Friday, May 10, 2013

The year reading Chew


Over a year and a half ago, on one of my earliest visits to Heroic Adventures comic bookstore, I asked one of the clerks if he had any suggestions for series for me to check out. When prompted, I gave some general descriptions of my likes and dislikes. Somewhere in my winding answer, I mentioned detective and crime fiction. The clerk handed me a trade paperback, Chew, Volume 1, and began describing this detective named Tony Chu. 



At first I was apprehensive.  I was just getting back to comic books after a long break. I hadn't read a series regularly since my youth. I wasn't sure if I was ready to jump into a weird book about a detective who is a "cibopath," that is, someone who "can take a bite from anything and get a psychic sensation of what has happened to that object."

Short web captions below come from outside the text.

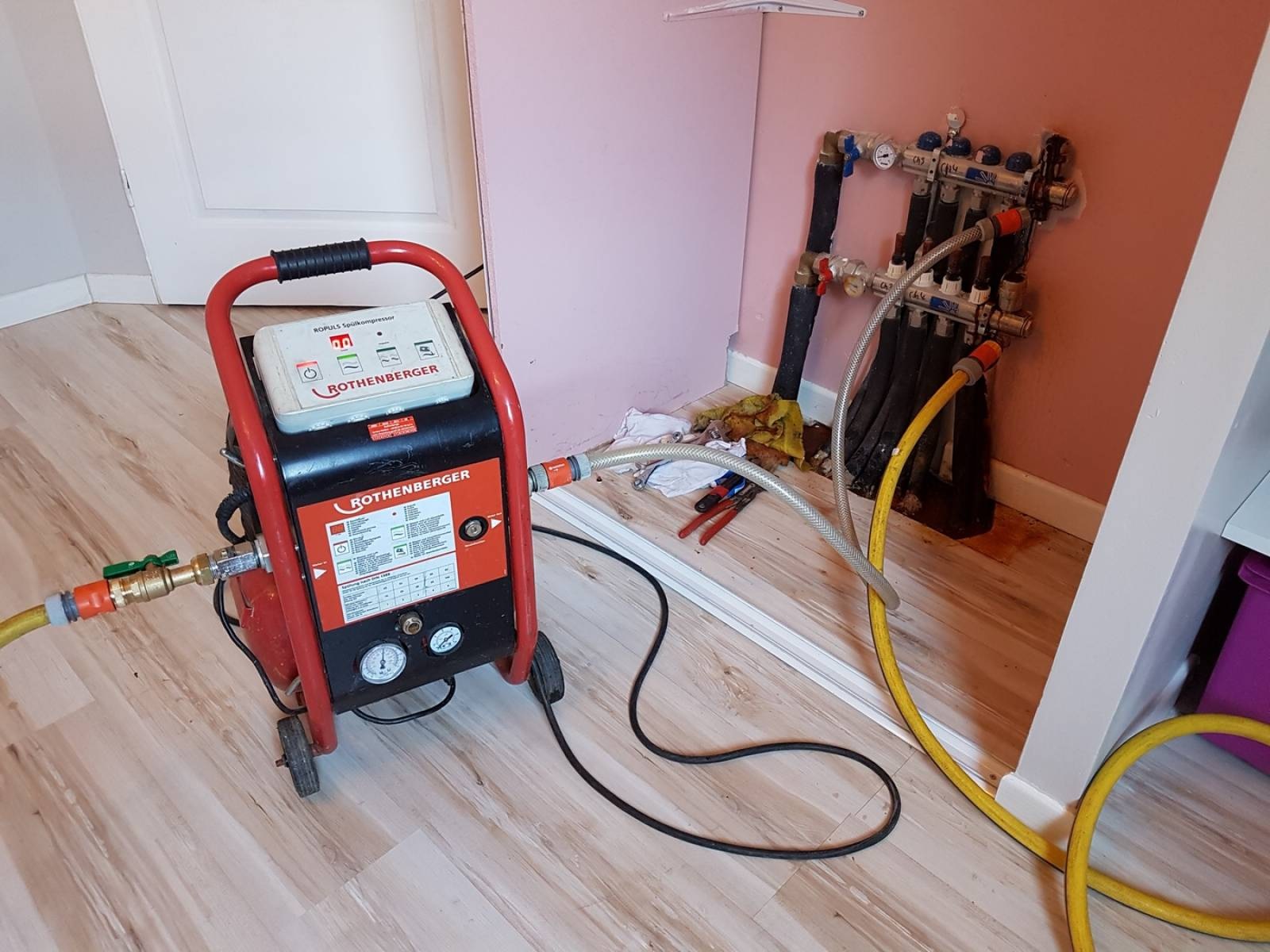 Uğurmumcu Vaillant Hermetik Şofben Petek Temizliği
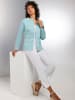creation L Baumwoll-Lyocell-Jeans-Blazer in mint
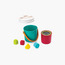 Infantino Shape Sorting Stack N Nest Buckets-toys-babyandtoddlertoys-stackingandnestingtoys-image-1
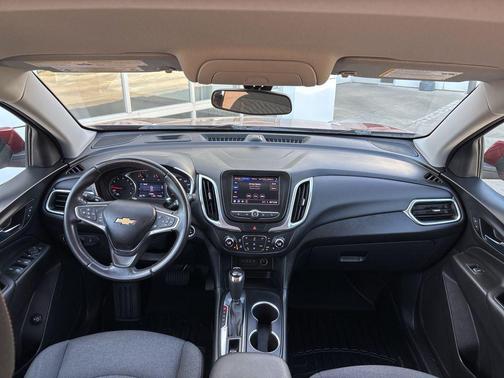 Cajun Red Tintcoat 2021 Chevrolet Equinox 1LT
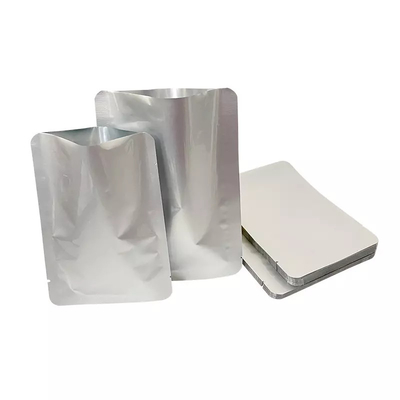 은 Mylar 편평한 부대 알루미늄 호일 포장 부대 대량 식품 저장 주머니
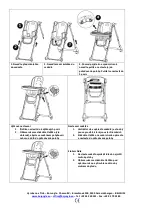 Preview for 31 page of Bo Jungle B-Dinner Chair Wheely Manual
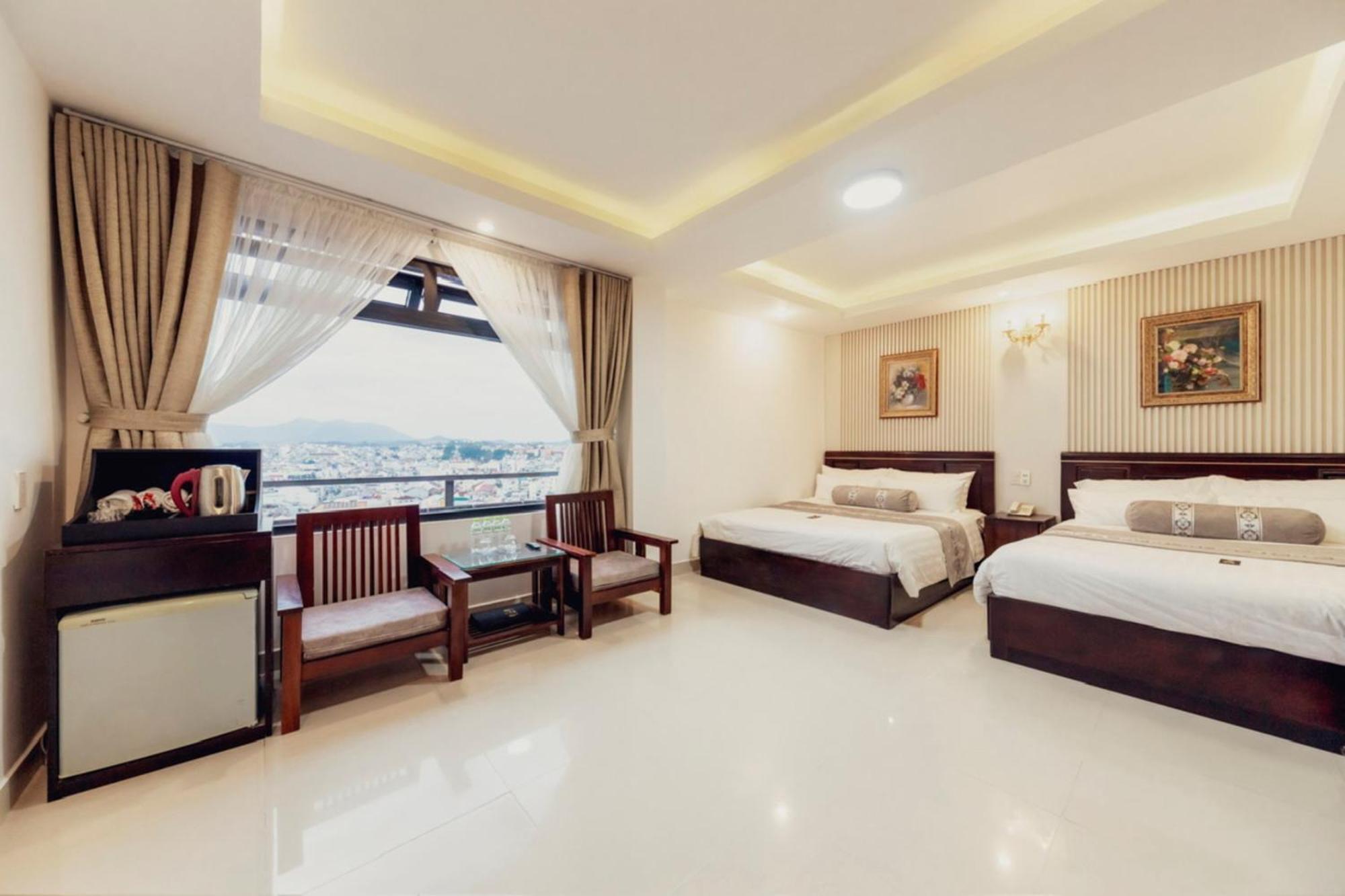 Empress Dalat - Sky View Hotel المظهر الخارجي الصورة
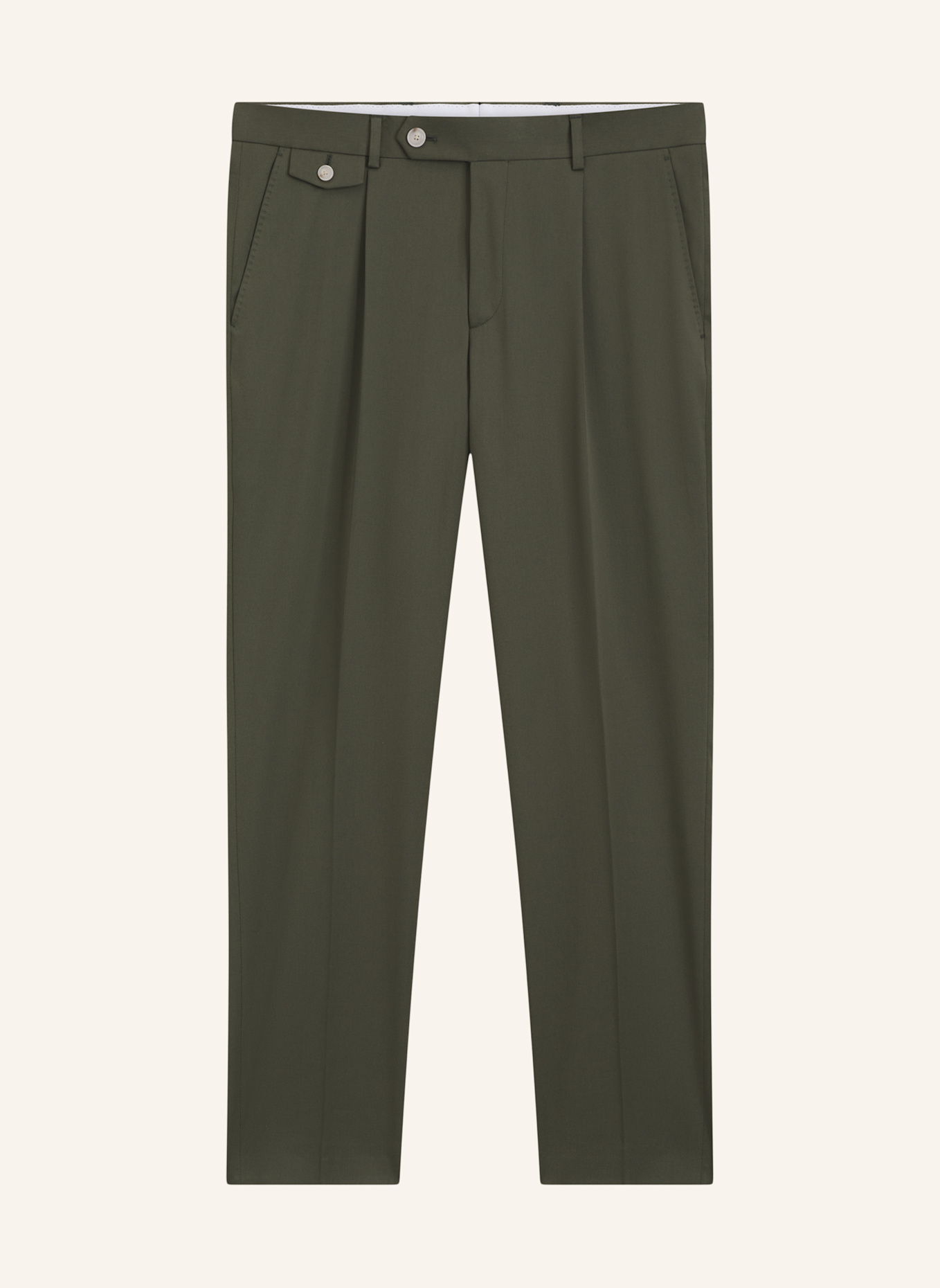 BOSS Formal Trousers H-PERIN-PL-DTL-263 Tapered Fit: GRÜN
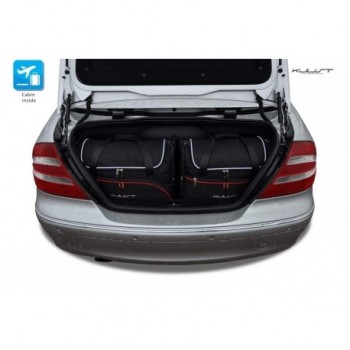 Kit de maletas a medida para Mercedes CLK A209 Cabrio (2003 - 2010)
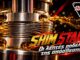 Shim stack σε έμβολο ανάρτησης — τεχνική εικονογράφηση της αρχής λειτουργίας.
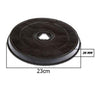 BOSCH (11005728, 11005732, 11005734) filtro cappa con carboni attivi Ø233X22h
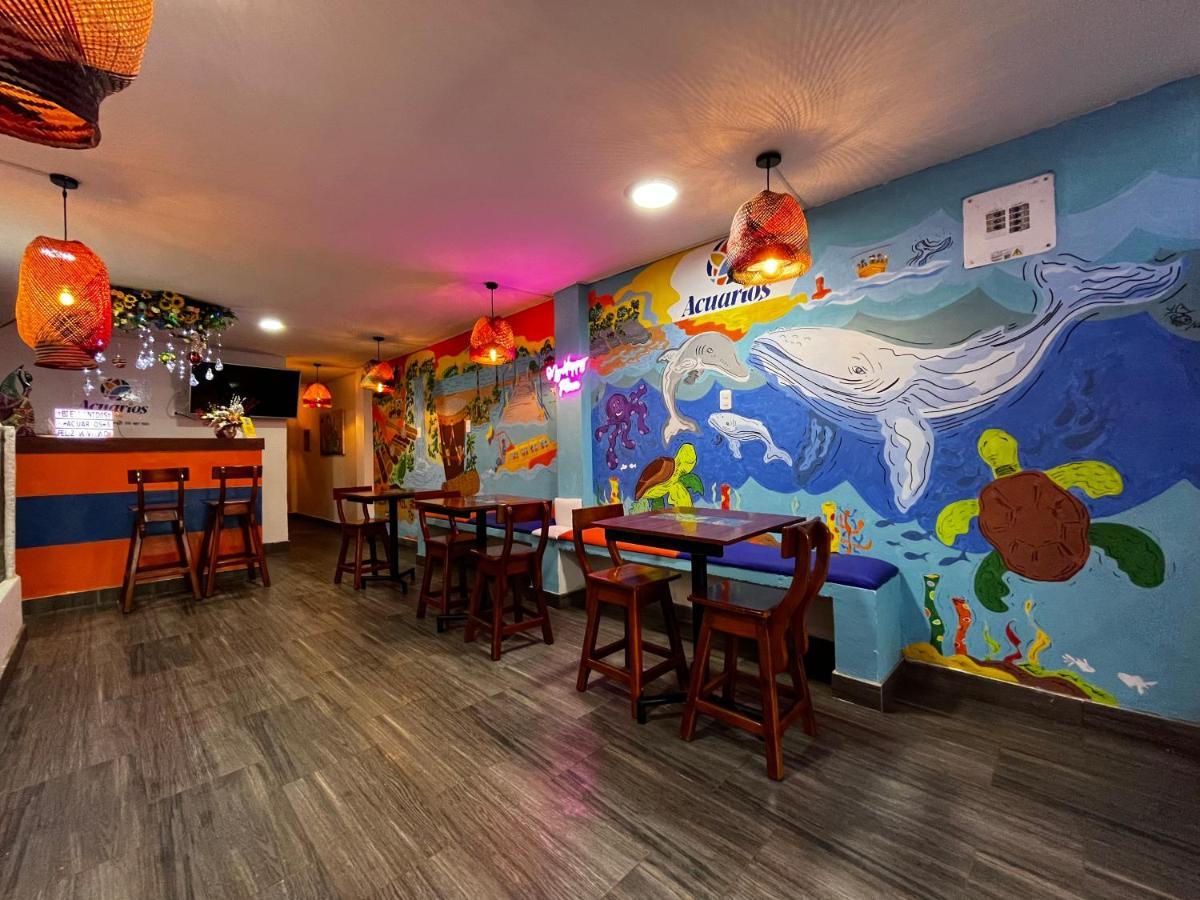 Playa Ladrilleros Acuarios Hostal מראה חיצוני תמונה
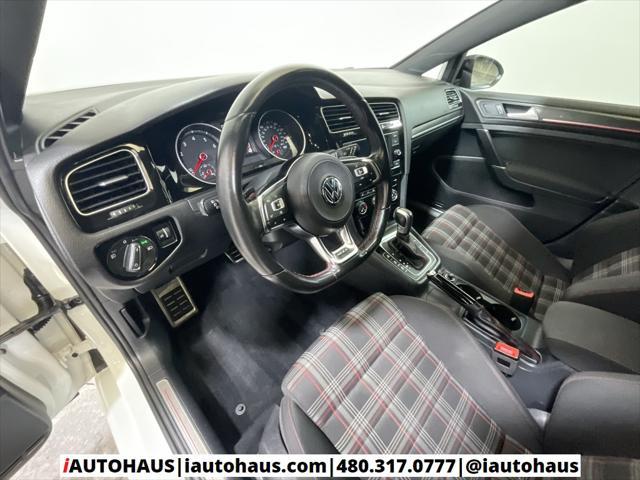 used 2021 Volkswagen Golf GTI car, priced at $20,998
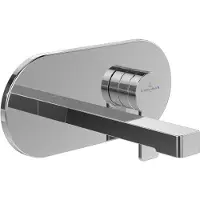 Villeroy & Boch Architectura Miscelatore lavabo a muro TVW10311211061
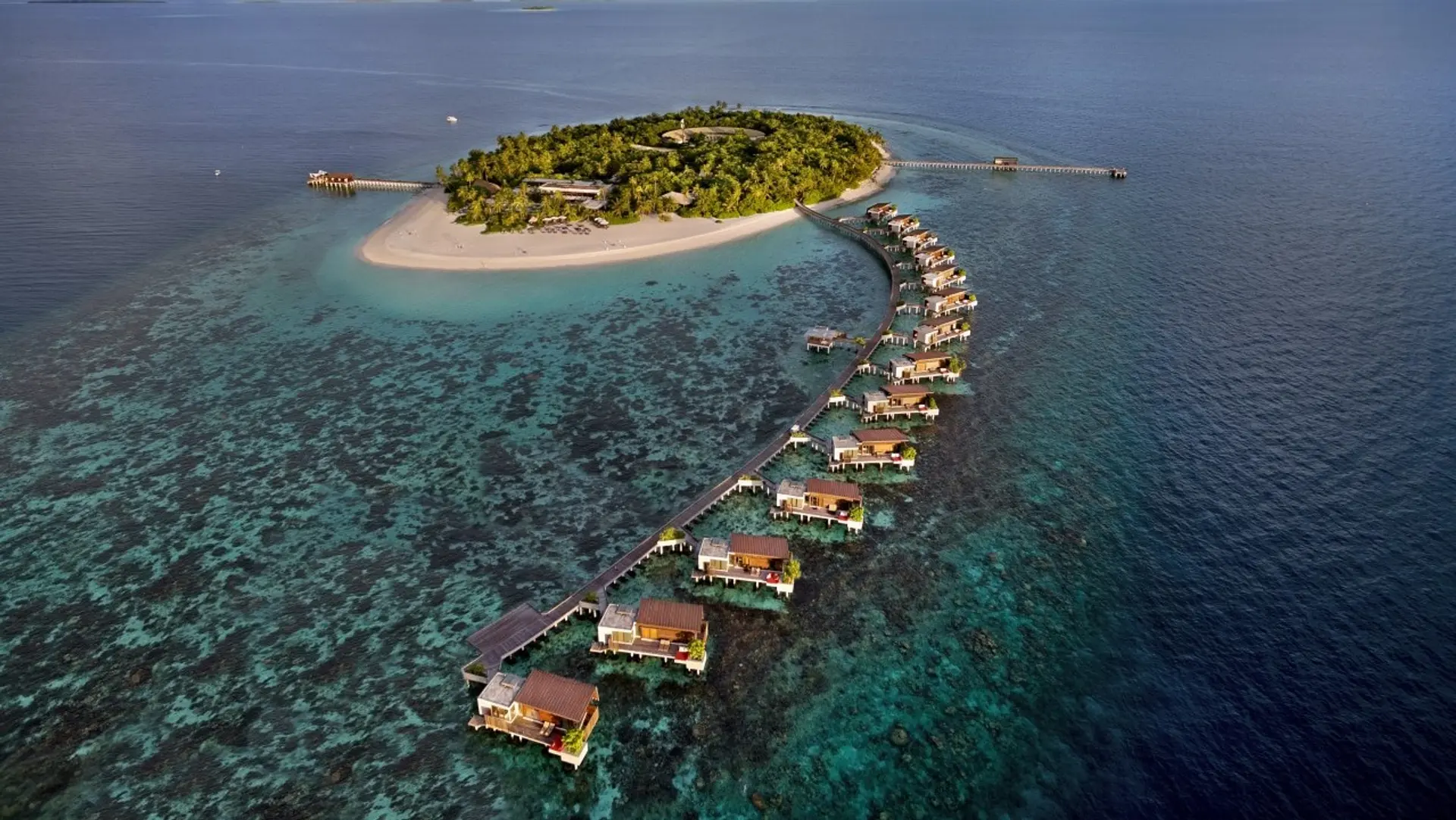 Park Hyatt Maldives Hadahaa - close to the Equator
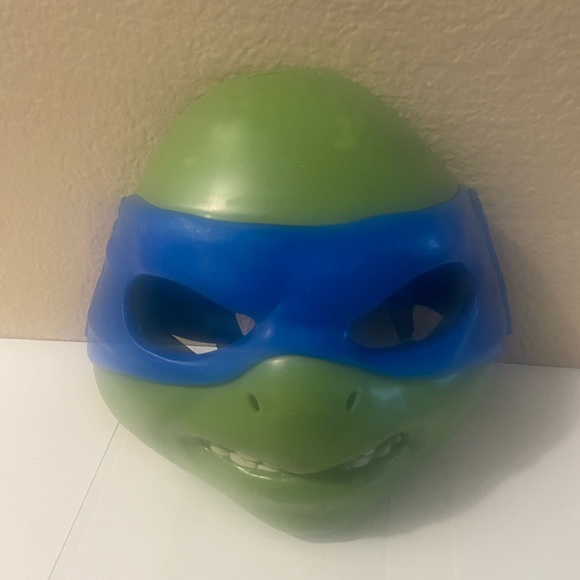 nicholodian | Accessories | Mutant Ninja Turtles Leonardo Mask | Poshmark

 The next thing I know, I was catching up on all the back issues and then ready and waiting each month for another issue to come out. I've enjoyed following Tony Chu's investigations and checking for "easter eggs" in Rob Guillory's artwork. Among other things, Chew has been a good distraction from the exciting world of grading student papers.  






Caesar Valenzano has been one of my favorite minor-major characters in the series. I was amused that the creators used/spoofed Jules Winnfield, the character Samuel Jackson played in Pulp Fiction, as the basis for Caesar.
 

Chew has hardly been the only comic book I've read in the past year. There was also The Walking Dead, Thief of Thieves, Nowhere Men, and The Manhattan Projects, to name a few. Often, when literary scholars devote considerable time to a reading project, they have a formal research project in mind. But, for me, when it comes Chew and other comic books, that' s not the case. Well, at least not yet. For now, I'm just reading.   

Related:
A Notebook on comic books
A Notebook on Rob Guillory 

1 comment:

Unknown said...

I agree that Chew is an awesome comic that is one of the few where you feel you are having fun and laughing out loud. Great series with great writing and awesome illustrations - i can't wait to see what happens next!